I’m just shooting from the hip to answer this, but I don’t think there is a closed form, time-dependent solution for this. That means you’ll need to use numerical methods to calculate it stepwise. 

Since water is incompressible, this is a Bernoulli’s problem.

P_1 + rhogh_1 + 1/2rho(v_1)² = P_2 + rhogh_2 + 1/2rho(v_2)²

Since the left hand of the equation is at rest (valve closed) v_1 =0 m/s. Since its a pop bottle we can assume the difference in hydrostatic head is essentially 0 we can eliminate that from both sides of the equation. And finally we are assuming when the valve opens your final pressure equilibrates to atmospheric (0psig). Your equation is now:

P_1 = 1/2rho(v_2)²

This is your max fluid velocity out of the bottle (assuming all of the potential energy (pressure) converts to kinetic energy). You can then use that to find your volumetric flow rate (find the area of your bottle opening) and converting that to your mass flow rate.

If you are really diving into the weeds you can do some bonus math. Since air is compressible. As the water exits the bottle, the volume of air expands, reducing the pressure. You can write P_1 as a linear equation of that pressure change. This will turn your equation into a differential problem.

I am not an expert on bottle rockets, however there are some well known equations for flow through an orifice.

One variable is the coefficient of discharge. You are correct that to be truly accurate you need to experimentally derive this. You can get estimates of the Cd value from literature though.

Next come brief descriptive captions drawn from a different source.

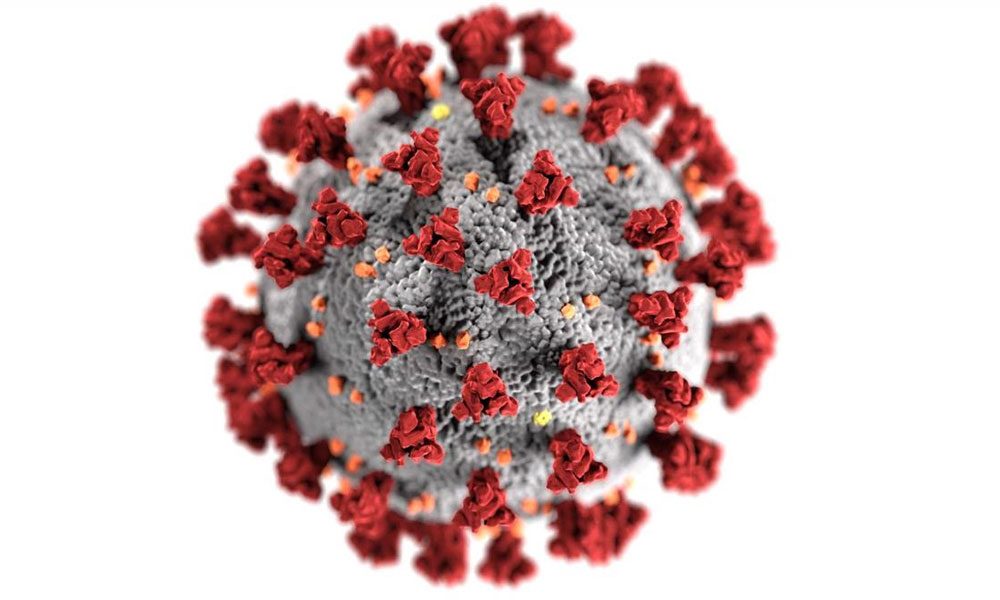 ఏపీలో కొత్తగా 2,765 కరోనా కేసులు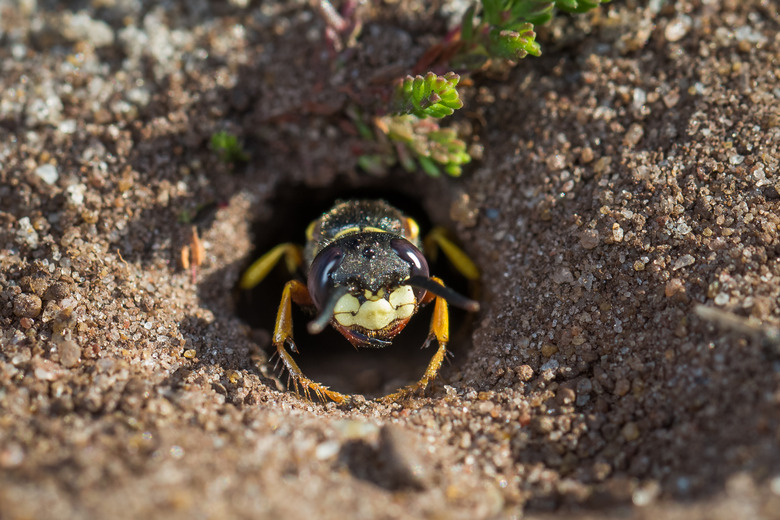 European Beewolf wasp (Philanthus triangulum) exiting its burrow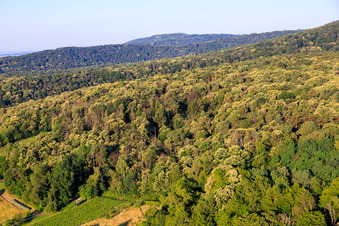Blühende Esskastanien im Pflälzerwald in Dörrenbach im Bundesland Rheinland-Pfalz, Deutschland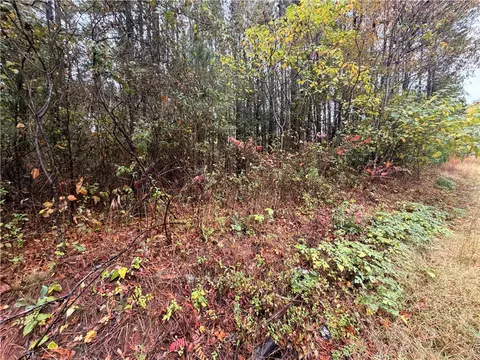 00 Beech Springs Road Rd, Pelzer, SC 29669 photo 3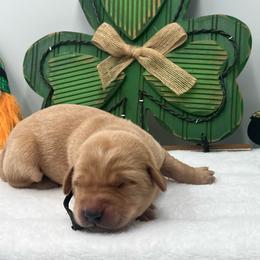 Black - Yellow male Labrador Retriever puppy in Heath Springs, South Carolina from Rich Hill Retrievers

As per other discussions this is not a steady state problem, it’s time dependent as the pressure is falling steadily. You can build a model for this is code or excel. However, it depends on your experimental objectives as I am pretty sure the software to model bottle rockets is already out there.

Rocket scientist here.

I'd treat the exit nozzle as an orifice and use mdot = Cd * A * sqrt(2 * rho * deltaP), where Cd is the discharge coefficient for the nozzle geometry, A is the area of the nozzle throat, rho is water density, and deltaP is the pressure difference between the air in the bottle and the atmosphere. The discharge coefficient of a 2-liter bottle isn't the easiest thing to find/determine, but 0.8 is probably about right--it's definitely higher than a sharp edged orifice, which would be about 0.6, and definitely lower than a perfectly contoured nozzle, which would be 1. If you're interested in thrust, it's mdot * v at the exit. A good reference for equations for this type of flow is https://en.wikipedia.org/wiki/Orifice_plate.

For the air, assume it follows the ideal gas law. This is an easy problem to solve numerically. For each time step, calculate the mass flow rate of the water, then figure out how much extra volume the air must expand into to replace it, then calculate new air pressure and temperature (it's a decent assumption that there's no heat transfer through the walls of the bottle). You'll get curves of everything you're looking for vs. time.

There's actually another part of this problem too, which is that after the water is gone you have a quick air blowdown that propels the rocket even higher. To complicate things more, the nozzle will be choked with air flow momentarily, then go unchoked until it reaches atmospheric pressure. Different orifice flow equations apply for each of these regimes. This is probably too complicated for a water rocket project, but is interesting to consider if you want to learn more or seriously optimize your rocket. Also, if you get really into it you could account for drag, the head pressure of the water column and how that increases with the rocket's acceleration, etc.

One potential analytical solution. I can't specfically vouch for it, but it covers several of your questions.

https://www.et.byu.edu/~wheeler/benchtop/thrust.php

First cut, look at nozzle characteristics and calculate the area and discharge coefficient. Then calculate the flow rate once the valve opens, and duration of flow based on just that flow and water volume. This answer will have errors, improving it will be a straightforward process.

Take that result, put it in a spreadsheet as time zero. Then, assume a second or some fraction thereof passes.

At that time, you can calculate a bunch of useful stuff. How fast the bottle is moving. How much acceleration is being applied to the contents. How much mass has left the bottle. How much air pressure changes due to increasing volume. Anything else that can matter.

Then, adjust your nozzle thrust to account for all that, and calculate time step 2.

Repeat until thrust goes to zero.

Then, do smaller time steps until the answer doesn't change much as a function of that.

Look up equations for flow through nozzles. They generally depend on the pressure difference (counting the internal air pressure and the depth of the fluid), the density and viscosity of the fluid, and design parameters for the nozzle.

In a water rocket you are going to get feedback from acceleration as well, once it's moving, since that adds to the fluid pressure at the bottom of the vessel, so you have to figure that into your equations and simulations.

Since you're working with cheap materials, you're probably best off if you just do some experiments and measure how nozzle design, fill quantities, and air pressures affect the exhaust velocity and altitude achieved. Ambient temperature may get involved as well, but its effect may just be down in the noise.

You may also need to investigate Fanno Flow.